*MATERIAL SUPPLIED:*
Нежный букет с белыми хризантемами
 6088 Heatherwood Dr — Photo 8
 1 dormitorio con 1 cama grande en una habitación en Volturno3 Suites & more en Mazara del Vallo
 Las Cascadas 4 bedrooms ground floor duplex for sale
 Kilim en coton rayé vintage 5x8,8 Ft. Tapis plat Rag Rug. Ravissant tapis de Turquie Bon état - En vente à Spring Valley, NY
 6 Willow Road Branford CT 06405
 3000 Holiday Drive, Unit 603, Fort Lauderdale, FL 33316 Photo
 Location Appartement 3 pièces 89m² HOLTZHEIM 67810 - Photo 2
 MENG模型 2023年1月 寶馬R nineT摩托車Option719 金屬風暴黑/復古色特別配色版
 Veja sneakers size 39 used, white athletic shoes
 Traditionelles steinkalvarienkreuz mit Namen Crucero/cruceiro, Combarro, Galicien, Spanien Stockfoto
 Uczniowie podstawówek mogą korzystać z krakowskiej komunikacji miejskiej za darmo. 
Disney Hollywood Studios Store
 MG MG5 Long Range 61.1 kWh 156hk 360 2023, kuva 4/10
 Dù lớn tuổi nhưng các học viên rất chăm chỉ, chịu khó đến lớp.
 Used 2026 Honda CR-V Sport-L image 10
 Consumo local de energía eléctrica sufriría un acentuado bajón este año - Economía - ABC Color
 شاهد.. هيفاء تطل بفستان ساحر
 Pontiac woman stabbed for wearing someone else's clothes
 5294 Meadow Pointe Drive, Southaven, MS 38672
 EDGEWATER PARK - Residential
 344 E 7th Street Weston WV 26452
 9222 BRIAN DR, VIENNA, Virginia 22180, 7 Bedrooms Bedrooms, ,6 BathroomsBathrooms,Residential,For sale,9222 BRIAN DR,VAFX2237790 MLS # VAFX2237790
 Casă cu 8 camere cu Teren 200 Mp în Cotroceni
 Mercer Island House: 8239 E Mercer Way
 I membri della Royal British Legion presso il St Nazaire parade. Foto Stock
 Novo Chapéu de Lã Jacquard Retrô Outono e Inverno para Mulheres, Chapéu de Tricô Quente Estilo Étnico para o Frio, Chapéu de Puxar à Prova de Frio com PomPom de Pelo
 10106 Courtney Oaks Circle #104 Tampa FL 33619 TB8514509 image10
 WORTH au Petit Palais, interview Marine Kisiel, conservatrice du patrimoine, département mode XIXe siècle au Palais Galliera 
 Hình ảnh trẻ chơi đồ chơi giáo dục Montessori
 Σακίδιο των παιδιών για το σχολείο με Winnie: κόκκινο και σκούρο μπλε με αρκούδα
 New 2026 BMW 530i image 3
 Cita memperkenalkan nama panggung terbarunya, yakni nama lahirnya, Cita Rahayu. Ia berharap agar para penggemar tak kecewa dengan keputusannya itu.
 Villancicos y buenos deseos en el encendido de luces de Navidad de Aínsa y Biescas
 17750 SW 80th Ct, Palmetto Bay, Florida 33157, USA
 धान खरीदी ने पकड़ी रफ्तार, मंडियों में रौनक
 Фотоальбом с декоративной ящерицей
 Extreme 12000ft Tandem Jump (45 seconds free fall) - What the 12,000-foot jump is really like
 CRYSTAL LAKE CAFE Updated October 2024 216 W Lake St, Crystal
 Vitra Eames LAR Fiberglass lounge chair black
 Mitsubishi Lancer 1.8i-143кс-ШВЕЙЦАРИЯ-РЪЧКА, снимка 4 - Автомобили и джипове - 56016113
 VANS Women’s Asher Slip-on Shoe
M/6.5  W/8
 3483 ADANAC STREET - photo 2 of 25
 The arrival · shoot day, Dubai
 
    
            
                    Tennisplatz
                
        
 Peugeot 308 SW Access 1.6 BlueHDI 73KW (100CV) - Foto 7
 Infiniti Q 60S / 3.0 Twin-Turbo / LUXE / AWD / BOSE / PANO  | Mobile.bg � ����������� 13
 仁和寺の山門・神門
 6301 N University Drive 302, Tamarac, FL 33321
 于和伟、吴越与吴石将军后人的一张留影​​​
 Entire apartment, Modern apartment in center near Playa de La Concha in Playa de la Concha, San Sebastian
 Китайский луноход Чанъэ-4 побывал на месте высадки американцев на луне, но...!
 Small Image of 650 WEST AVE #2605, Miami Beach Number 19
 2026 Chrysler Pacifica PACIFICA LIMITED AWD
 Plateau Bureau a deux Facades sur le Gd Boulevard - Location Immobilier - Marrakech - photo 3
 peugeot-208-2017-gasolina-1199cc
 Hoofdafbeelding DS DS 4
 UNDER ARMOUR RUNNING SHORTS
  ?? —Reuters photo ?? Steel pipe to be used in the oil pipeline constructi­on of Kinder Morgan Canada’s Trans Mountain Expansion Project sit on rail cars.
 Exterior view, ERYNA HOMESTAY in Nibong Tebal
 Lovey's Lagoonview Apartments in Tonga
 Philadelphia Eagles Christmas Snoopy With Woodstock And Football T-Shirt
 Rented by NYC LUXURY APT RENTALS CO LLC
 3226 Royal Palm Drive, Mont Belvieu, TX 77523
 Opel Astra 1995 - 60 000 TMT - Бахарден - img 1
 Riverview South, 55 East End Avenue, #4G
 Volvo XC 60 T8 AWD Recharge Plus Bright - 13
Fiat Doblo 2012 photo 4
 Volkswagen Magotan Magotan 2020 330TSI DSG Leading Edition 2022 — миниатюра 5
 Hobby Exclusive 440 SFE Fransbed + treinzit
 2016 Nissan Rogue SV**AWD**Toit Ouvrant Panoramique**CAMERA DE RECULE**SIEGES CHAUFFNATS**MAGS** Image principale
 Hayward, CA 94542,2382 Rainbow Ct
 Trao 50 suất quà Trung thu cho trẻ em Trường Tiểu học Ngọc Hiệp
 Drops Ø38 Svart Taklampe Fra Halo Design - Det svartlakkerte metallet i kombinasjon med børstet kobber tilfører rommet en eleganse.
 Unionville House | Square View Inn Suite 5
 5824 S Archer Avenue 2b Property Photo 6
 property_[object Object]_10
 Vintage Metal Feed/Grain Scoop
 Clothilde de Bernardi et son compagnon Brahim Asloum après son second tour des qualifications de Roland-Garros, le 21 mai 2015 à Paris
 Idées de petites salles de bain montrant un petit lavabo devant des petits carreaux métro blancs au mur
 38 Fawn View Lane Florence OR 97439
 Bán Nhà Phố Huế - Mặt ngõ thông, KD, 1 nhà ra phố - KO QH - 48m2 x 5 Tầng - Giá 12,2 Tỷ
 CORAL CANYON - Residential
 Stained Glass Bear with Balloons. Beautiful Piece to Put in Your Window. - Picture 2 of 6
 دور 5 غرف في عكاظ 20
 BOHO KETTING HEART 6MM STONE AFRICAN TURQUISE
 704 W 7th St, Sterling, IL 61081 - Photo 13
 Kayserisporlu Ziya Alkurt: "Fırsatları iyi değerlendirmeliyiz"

*TASK DETAILS:*
When you reply, retype each line exactly as it appears above.

*TASK ANSWER:*
Нежный букет с белыми хризантемами
 6088 Heatherwood Dr — Photo 8
 1 dormitorio con 1 cama grande en una habitación en Volturno3 Suites & more en Mazara del Vallo
 Las Cascadas 4 bedrooms ground floor duplex for sale
 Kilim en coton rayé vintage 5x8,8 Ft. Tapis plat Rag Rug. Ravissant tapis de Turquie Bon état - En vente à Spring Valley, NY
 6 Willow Road Branford CT 06405
 3000 Holiday Drive, Unit 603, Fort Lauderdale, FL 33316 Photo
 Location Appartement 3 pièces 89m² HOLTZHEIM 67810 - Photo 2
 MENG模型 2023年1月 寶馬R nineT摩托車Option719 金屬風暴黑/復古色特別配色版
 Veja sneakers size 39 used, white athletic shoes
 Traditionelles steinkalvarienkreuz mit Namen Crucero/cruceiro, Combarro, Galicien, Spanien Stockfoto
 Uczniowie podstawówek mogą korzystać z krakowskiej komunikacji miejskiej za darmo. 
Disney Hollywood Studios Store
 MG MG5 Long Range 61.1 kWh 156hk 360 2023, kuva 4/10
 Dù lớn tuổi nhưng các học viên rất chăm chỉ, chịu khó đến lớp.
 Used 2026 Honda CR-V Sport-L image 10
 Consumo local de energía eléctrica sufriría un acentuado bajón este año - Economía - ABC Color
 شاهد.. هيفاء تطل بفستان ساحر
 Pontiac woman stabbed for wearing someone else's clothes
 5294 Meadow Pointe Drive, Southaven, MS 38672
 EDGEWATER PARK - Residential
 344 E 7th Street Weston WV 26452
 9222 BRIAN DR, VIENNA, Virginia 22180, 7 Bedrooms Bedrooms, ,6 BathroomsBathrooms,Residential,For sale,9222 BRIAN DR,VAFX2237790 MLS # VAFX2237790
 Casă cu 8 camere cu Teren 200 Mp în Cotroceni
 Mercer Island House: 8239 E Mercer Way
 I membri della Royal British Legion presso il St Nazaire parade. Foto Stock
 Novo Chapéu de Lã Jacquard Retrô Outono e Inverno para Mulheres, Chapéu de Tricô Quente Estilo Étnico para o Frio, Chapéu de Puxar à Prova de Frio com PomPom de Pelo
 10106 Courtney Oaks Circle #104 Tampa FL 33619 TB8514509 image10
 WORTH au Petit Palais, interview Marine Kisiel, conservatrice du patrimoine, département mode XIXe siècle au Palais Galliera 
 Hình ảnh trẻ chơi đồ chơi giáo dục Montessori
 Σακίδιο των παιδιών για το σχολείο με Winnie: κόκκινο και σκούρο μπλε με αρκούδα
 New 2026 BMW 530i image 3
 Cita memperkenalkan nama panggung terbarunya, yakni nama lahirnya, Cita Rahayu. Ia berharap agar para penggemar tak kecewa dengan keputusannya itu.
 Villancicos y buenos deseos en el encendido de luces de Navidad de Aínsa y Biescas
 17750 SW 80th Ct, Palmetto Bay, Florida 33157, USA
 धान खरीदी ने पकड़ी रफ्तार, मंडियों में रौनक
 Фотоальбом с декоративной ящерицей
 Extreme 12000ft Tandem Jump (45 seconds free fall) - What the 12,000-foot jump is really like
 CRYSTAL LAKE CAFE Updated October 2024 216 W Lake St, Crystal
 Vitra Eames LAR Fiberglass lounge chair black
 Mitsubishi Lancer 1.8i-143кс-ШВЕЙЦАРИЯ-РЪЧКА, снимка 4 - Автомобили и джипове - 56016113
 VANS Women’s Asher Slip-on Shoe
M/6.5  W/8
 3483 ADANAC STREET - photo 2 of 25
 The arrival · shoot day, Dubai
 
    
            
                    Tennisplatz
                
        
 Peugeot 308 SW Access 1.6 BlueHDI 73KW (100CV) - Foto 7
 Infiniti Q 60S / 3.0 Twin-Turbo / LUXE / AWD / BOSE / PANO  | Mobile.bg � ����������� 13
 仁和寺の山門・神門
 6301 N University Drive 302, Tamarac, FL 33321
 于和伟、吴越与吴石将军后人的一张留影​​​
 Entire apartment, Modern apartment in center near Playa de La Concha in Playa de la Concha, San Sebastian
 Китайский луноход Чанъэ-4 побывал на месте высадки американцев на луне, но...!
 Small Image of 650 WEST AVE #2605, Miami Beach Number 19
 2026 Chrysler Pacifica PACIFICA LIMITED AWD
 Plateau Bureau a deux Facades sur le Gd Boulevard - Location Immobilier - Marrakech - photo 3
 peugeot-208-2017-gasolina-1199cc
 Hoofdafbeelding DS DS 4
 UNDER ARMOUR RUNNING SHORTS
  ?? —Reuters photo ?? Steel pipe to be used in the oil pipeline constructi­on of Kinder Morgan Canada’s Trans Mountain Expansion Project sit on rail cars.
 Exterior view, ERYNA HOMESTAY in Nibong Tebal
 Lovey's Lagoonview Apartments in Tonga
 Philadelphia Eagles Christmas Snoopy With Woodstock And Football T-Shirt
 Rented by NYC LUXURY APT RENTALS CO LLC
 3226 Royal Palm Drive, Mont Belvieu, TX 77523
 Opel Astra 1995 - 60 000 TMT - Бахарден - img 1
 Riverview South, 55 East End Avenue, #4G
 Volvo XC 60 T8 AWD Recharge Plus Bright - 13
Fiat Doblo 2012 photo 4
 Volkswagen Magotan Magotan 2020 330TSI DSG Leading Edition 2022 — миниатюра 5
 Hobby Exclusive 440 SFE Fransbed + treinzit
 2016 Nissan Rogue SV**AWD**Toit Ouvrant Panoramique**CAMERA DE RECULE**SIEGES CHAUFFNATS**MAGS** Image principale
 Hayward, CA 94542,2382 Rainbow Ct
 Trao 50 suất quà Trung thu cho trẻ em Trường Tiểu học Ngọc Hiệp
 Drops Ø38 Svart Taklampe Fra Halo Design - Det svartlakkerte metallet i kombinasjon med børstet kobber tilfører rommet en eleganse.
 Unionville House | Square View Inn Suite 5
 5824 S Archer Avenue 2b Property Photo 6
 property_[object Object]_10
 Vintage Metal Feed/Grain Scoop
 Clothilde de Bernardi et son compagnon Brahim Asloum après son second tour des qualifications de Roland-Garros, le 21 mai 2015 à Paris
 Idées de petites salles de bain montrant un petit lavabo devant des petits carreaux métro blancs au mur
 38 Fawn View Lane Florence OR 97439
 Bán Nhà Phố Huế - Mặt ngõ thông, KD, 1 nhà ra phố - KO QH - 48m2 x 5 Tầng - Giá 12,2 Tỷ
 CORAL CANYON - Residential
 Stained Glass Bear with Balloons. Beautiful Piece to Put in Your Window. - Picture 2 of 6
 دور 5 غرف في عكاظ 20
 BOHO KETTING HEART 6MM STONE AFRICAN TURQUISE
 704 W 7th St, Sterling, IL 61081 - Photo 13
 Kayserisporlu Ziya Alkurt: "Fırsatları iyi değerlendirmeliyiz"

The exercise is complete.